By Brian Veseling
Newspapers and Technology
Published: May 1, 2006
Excerpt:
This spring, the Poynter
Institute for Media Studies will launch its second major research project to
determine how people really read print newspapers as well as re-examine their
online reading habits.
While Poynter has done two
Eyetrack studies in recent years on the use of online media, this will be the
first substantial print-based research by the institute since the original
Eyetrack Study in 1991.
The time certainly seems to
be ripe for a renewed look at print newspapers. After all, there have been some
significant changes in both printing technology and how news and information are
distributed in the past 15 years and these have undoubtedly influenced newspaper
design and how people process information.
"For sure," said renowned
design guru Mario Garcia, who helped conduct the first Poynter Eyetrack Study. "The Internet has created a new type of reader - more tech savvy, impatient,
more into moving fast through the information. We have better color
reproduction, so issues of color utilization are more cleverly addressed today.
And, overall, we simply don't just redesign in the cosmetic definition of the
word. We rethink the totality of the product: from storytelling (the key issue),
to navigation (the most important second issue), to photo/illustrations/color.
Survival is part of the vocabulary today. It wasn't so much 15 years ago." ...

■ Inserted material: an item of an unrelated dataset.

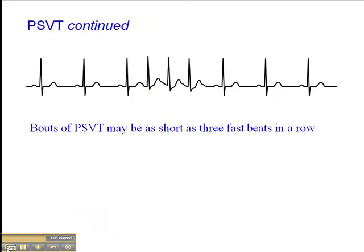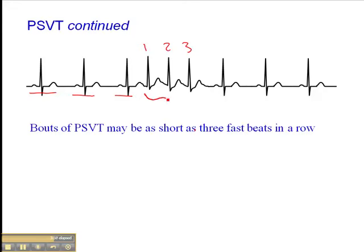The criteria for short bouts of PSVT is that there really only have to be three beats in a row. So we have an underlying sinus rhythm here — sinus beat, sinus beat — and then we have this abrupt onset of tachycardia, which is only three beats in a row. That's really all you need as criteria for PSVT: three or more beats in a row in a tachycardic phase, with abrupt onset and abrupt ending.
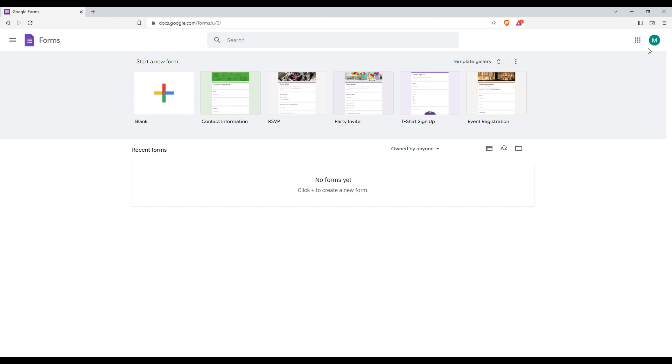From here, you'd like to be already signed into your account. If you do have an account and you're not signed in, make sure to log into your account. But if you don't, you will need to create one, then sign into it. Once you do that, you'll find yourself here with this homepage or main screen.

"The eye goes to the dominant image first and then it goes to the largest headline on a page second," said Sara Quinn, a visual journalism instructor at Poynter. "There's a sequence, and it has to do with dominance basically, but of course the content of the headline, the content of the photograph, the content of the graphic is all very relative, but the eye tracking showed there's a relationship between those
elements."
This time, Quinn said Poynter will be looking at issues such as whether people take their reading patterns with them as they go from print to online. Researchers also will study how people approach different print formats. For example, does the same person read broadsheet, tabloid and Berliner formats in different ways?